So yeah, you keep on keeping on, but maybe, in the future, it might just be wise to stick to core competency and not beat a horse that was so dead 2-weeks ago that you've not only pulverized the skeleton, but now you've revealed that, at the end of the day, "inclusion" is so important to "you" (note: *not* the "silent majority", because it isn't) that it casts a pall over any and everything you publish from this moment forward as being inflected with this anti-intellectual, anti-gaming, childish idiocy.

http://i.imgur.com/56mGbrr.jpg

Mop it upSeptember 05, 2014

Quote from: Enner

Most this has been on Twitter, tumblr posts, Youtube videos,

In other words, the places where the scum of the earth congregate, which is why I don't go to these sites.

SorenSeptember 05, 2014

Quote from: Mop

Quote from: Enner

Most this has been on Twitter, tumblr posts, Youtube videos,

In other words, the places where the scum of the earth congregate, which is why I don't go to these sites.

Also, a haven for misinformation and hearsay. Which is why this has been able to fester on for so long. People like InternetAristocrat and JonTron have been able to milk this to no end.

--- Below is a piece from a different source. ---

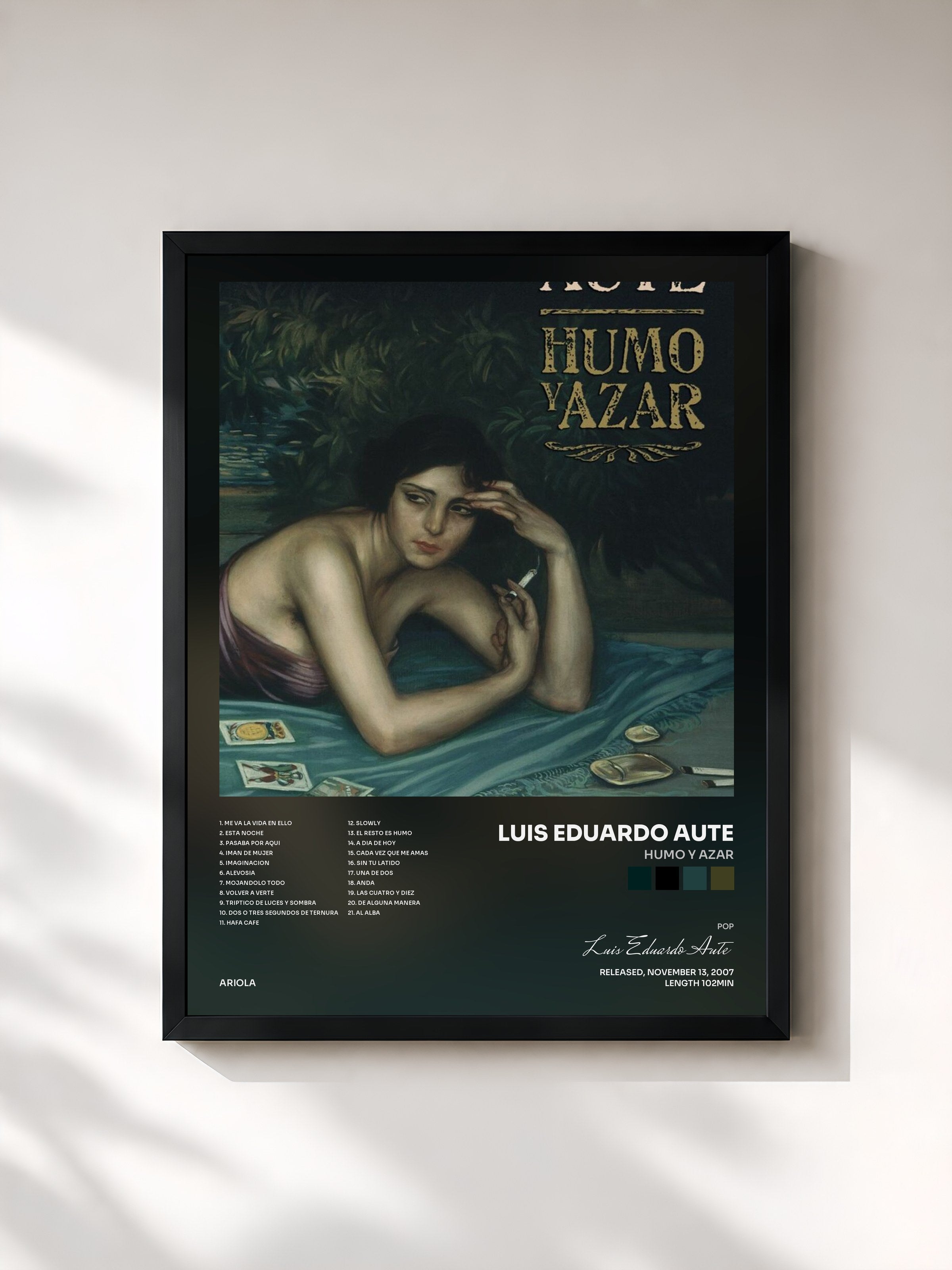 #noir Tableau de l'album Humo Y Azar de Luis Eduardo Aute, cadre noir, imprimé et encadré en France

OblivionSeptember 05, 2014

What does JonTron done to "milk" this besides posting that awful picture one time?

KhushrenadaSeptember 05, 2014

Quote from: Mop

Quote from: Enner

Most this has been on Twitter, tumblr posts, Youtube videos,

In other words, the places where the scum of the earth congregate, which is why I don't go to these sites.

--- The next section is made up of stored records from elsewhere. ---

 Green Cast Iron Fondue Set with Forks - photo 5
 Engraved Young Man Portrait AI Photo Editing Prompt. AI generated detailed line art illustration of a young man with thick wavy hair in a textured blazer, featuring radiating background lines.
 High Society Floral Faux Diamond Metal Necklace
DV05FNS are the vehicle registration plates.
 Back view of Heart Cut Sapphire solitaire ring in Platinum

It's funny 'cause it's true.

SorenSeptember 05, 2014

Quote from: Oblivion

What does JonTron done to "milk" this besides posting that awful picture one time?

Jontron got mad at Tim Schafer after the latter retweeted Anita Sarkeesian's latest video. Some one his inane points included the fact that Anita's videos had comments and likes disabled and that men received equal objectification as women in video games. Schafer called him out on his BS, Jontron felt attacked and his fanbase went on to attack Schafer (who was already feeling heat by people who hate Sarkeesian). Jontron got a stupid hashtag named after him that was immediately co-opted by people who were attacking Quinn, indie devs and journalists.

#IStandWithGanondorf

OblivionSeptember 05, 2014

Quote from: Soren

Quote from: Oblivion

What does JonTron done to "milk" this besides posting that awful picture one time?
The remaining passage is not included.